The word cockpit, was originally a sailing term for the coxswain's station in a Royal Navy ship, and later the location of the ship's rudder controls. Cockpit first appeared in the English language in the 1580s, "a pit for fighting cocks", from cock and a pit. Used in nautical sense in 1706, for midshipmen's compartment below decks, transferred to airplanes in 1914 and to cars in 1930s. From about 1935 cockpit came to be used informally to refer to the driver's seat of a car, especially a high performance one, and this is official terminology in Formula One. In an airliner, the cockpit is usually referred to as the flight deck, the term deriving from its use by the Royal Air Force for the separate, upper platform in large flying boats where the pilot and co-pilot sat. In the US and many other countries, however, the term cockpit is also used for airliners.

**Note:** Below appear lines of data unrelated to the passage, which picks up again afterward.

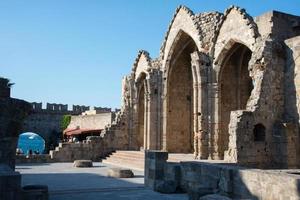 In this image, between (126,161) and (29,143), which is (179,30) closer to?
(126,161)

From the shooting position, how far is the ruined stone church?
1284cm

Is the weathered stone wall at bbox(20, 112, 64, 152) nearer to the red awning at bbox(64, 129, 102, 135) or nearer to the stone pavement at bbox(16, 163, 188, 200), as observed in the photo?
the red awning at bbox(64, 129, 102, 135)

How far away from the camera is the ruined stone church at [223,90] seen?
12836mm

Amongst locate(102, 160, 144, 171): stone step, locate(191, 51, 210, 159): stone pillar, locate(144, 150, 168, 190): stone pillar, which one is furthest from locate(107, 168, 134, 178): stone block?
locate(191, 51, 210, 159): stone pillar

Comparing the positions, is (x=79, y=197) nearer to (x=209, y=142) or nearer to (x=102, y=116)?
(x=209, y=142)

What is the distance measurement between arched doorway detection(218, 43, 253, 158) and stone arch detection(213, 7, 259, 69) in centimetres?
49

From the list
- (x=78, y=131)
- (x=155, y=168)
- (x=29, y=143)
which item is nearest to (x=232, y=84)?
(x=155, y=168)

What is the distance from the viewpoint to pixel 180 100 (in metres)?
19.8

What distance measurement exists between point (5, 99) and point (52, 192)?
2.53 meters

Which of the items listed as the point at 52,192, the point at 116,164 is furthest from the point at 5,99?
the point at 116,164

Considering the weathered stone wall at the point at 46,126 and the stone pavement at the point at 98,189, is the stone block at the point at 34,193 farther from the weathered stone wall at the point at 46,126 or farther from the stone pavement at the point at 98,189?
the weathered stone wall at the point at 46,126

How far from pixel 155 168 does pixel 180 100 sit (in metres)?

BUt HOw did it became cock-pit?
The earliest airplanes copied the designs of the 1903 Wright Flyer, on which the pilot lay on the wing, in the open and subject to the wind.
As airplanes developed over the next five years, constructors like France's Louis Blériot built and enclosed a space to protect the pilot from the wind and cold. This space had a slight resemblance to a cockpit, the small round enclosure, in which two fighting cocks were thrown. The term was already used in sailing vessels, and was in widespread use in aviation by 1913. From aviation, it seems to have spread to sailboating and to auto racing.
So, the word is not a corruption of another word nor mean anything Vulgar.